**TASK INPUTS**
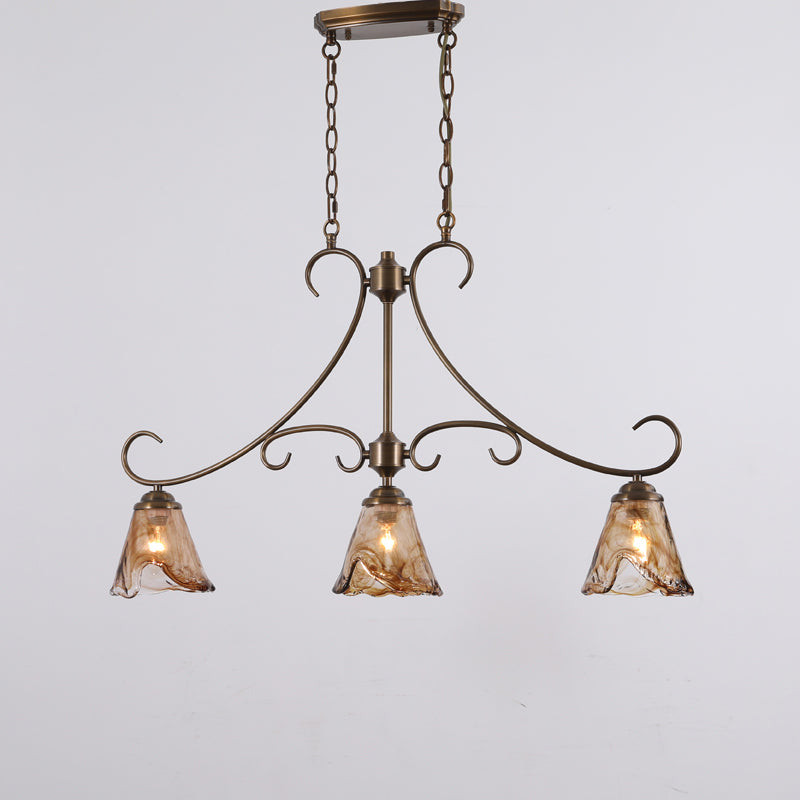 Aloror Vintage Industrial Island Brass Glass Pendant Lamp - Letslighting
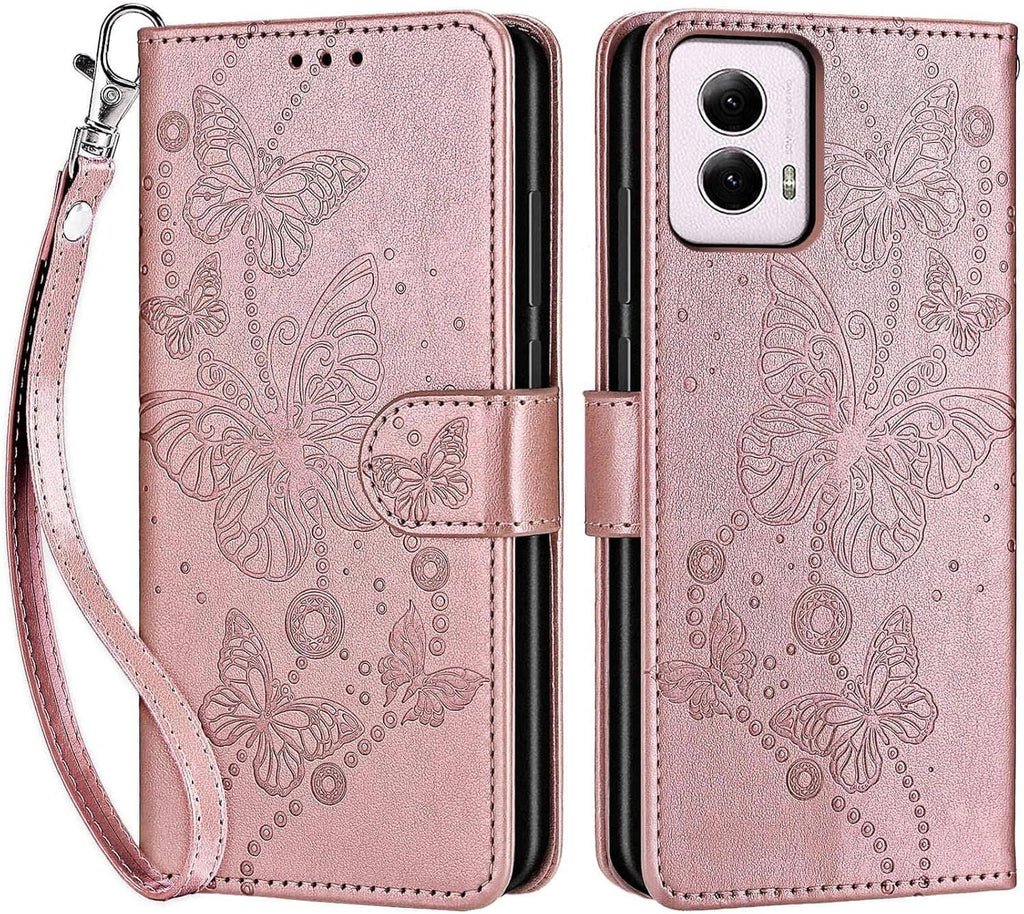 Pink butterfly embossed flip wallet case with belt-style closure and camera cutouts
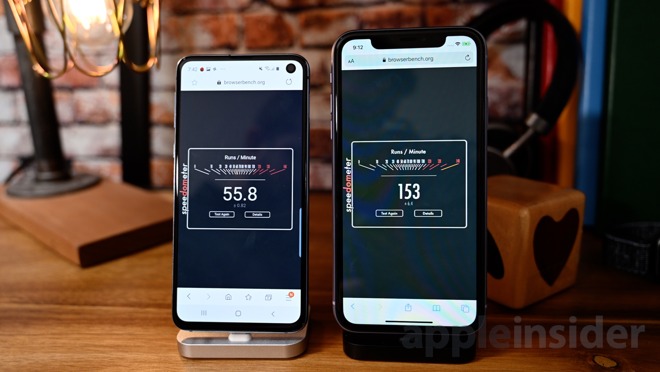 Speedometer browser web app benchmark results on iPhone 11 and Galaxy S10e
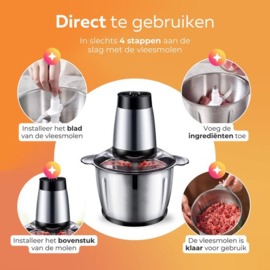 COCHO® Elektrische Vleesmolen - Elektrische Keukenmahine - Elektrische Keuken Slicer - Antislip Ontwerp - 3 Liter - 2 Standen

---

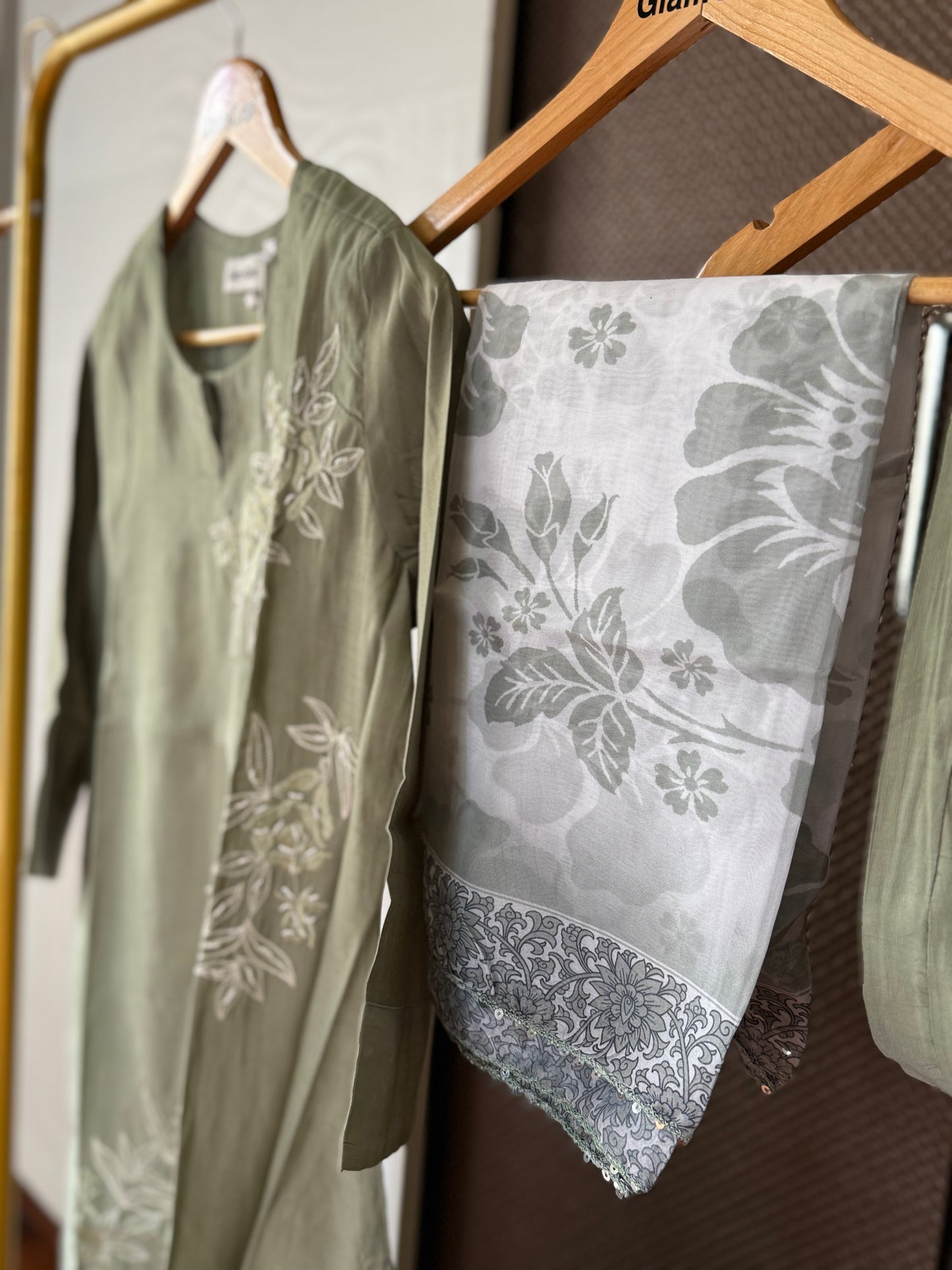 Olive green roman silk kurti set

--

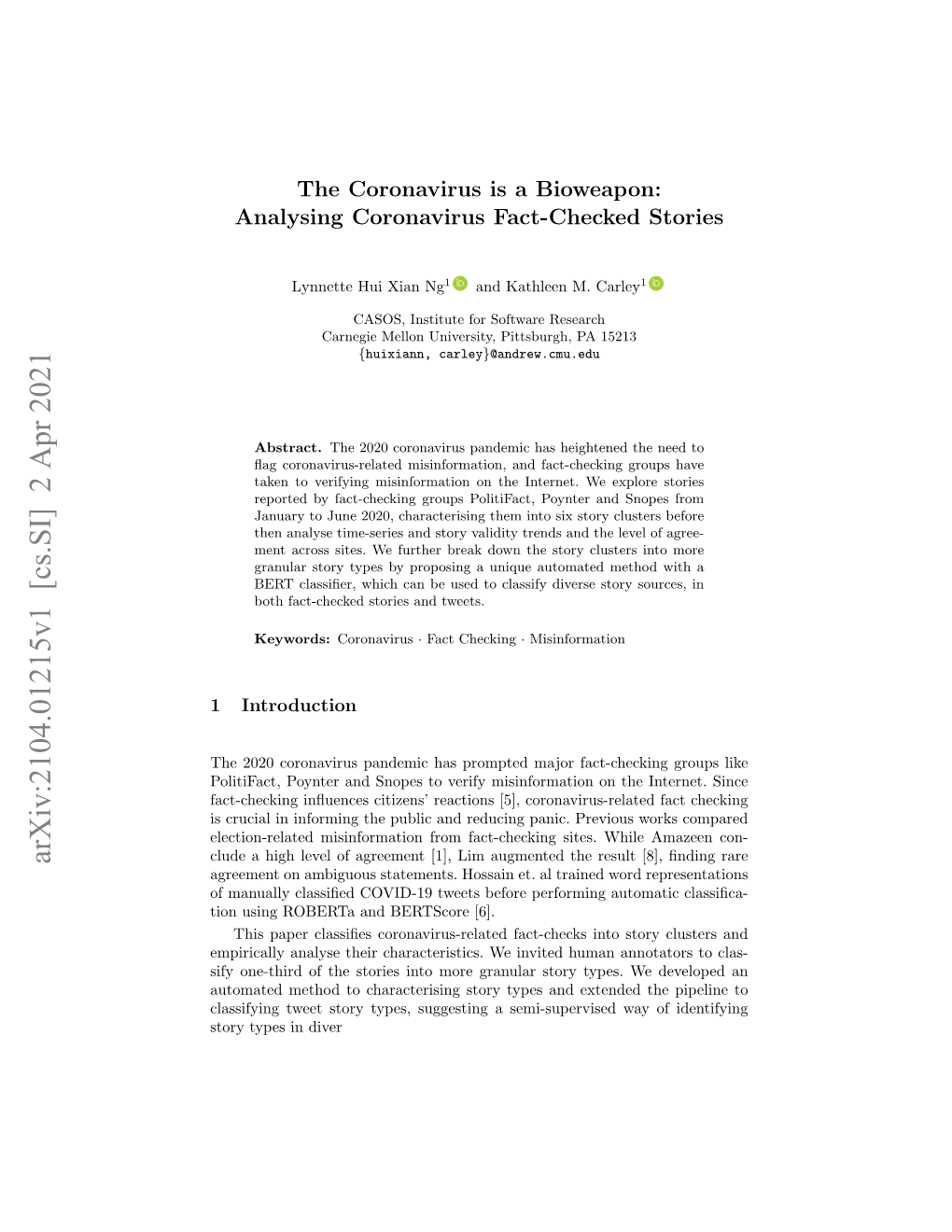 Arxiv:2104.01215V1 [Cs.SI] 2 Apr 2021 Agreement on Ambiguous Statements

**PROBLEM DESCRIPTION**
With the pictures omitted, print the lines above exactly, beginning at the line with "Aloror Vintage Industrial" and going on through the line with "COCHO® Elektrische Vleesmolen".

**COMPLETED TASK**
 Aloror Vintage Industrial Island Brass Glass Pendant Lamp - Letslighting
 Pink butterfly embossed flip wallet case with belt-style closure and camera cutouts
 Speedometer browser web app benchmark results on iPhone 11 and Galaxy S10e
 COCHO® Elektrische Vleesmolen - Elektrische Keukenmahine - Elektrische Keuken Slicer - Antislip Ontwerp - 3 Liter - 2 Standen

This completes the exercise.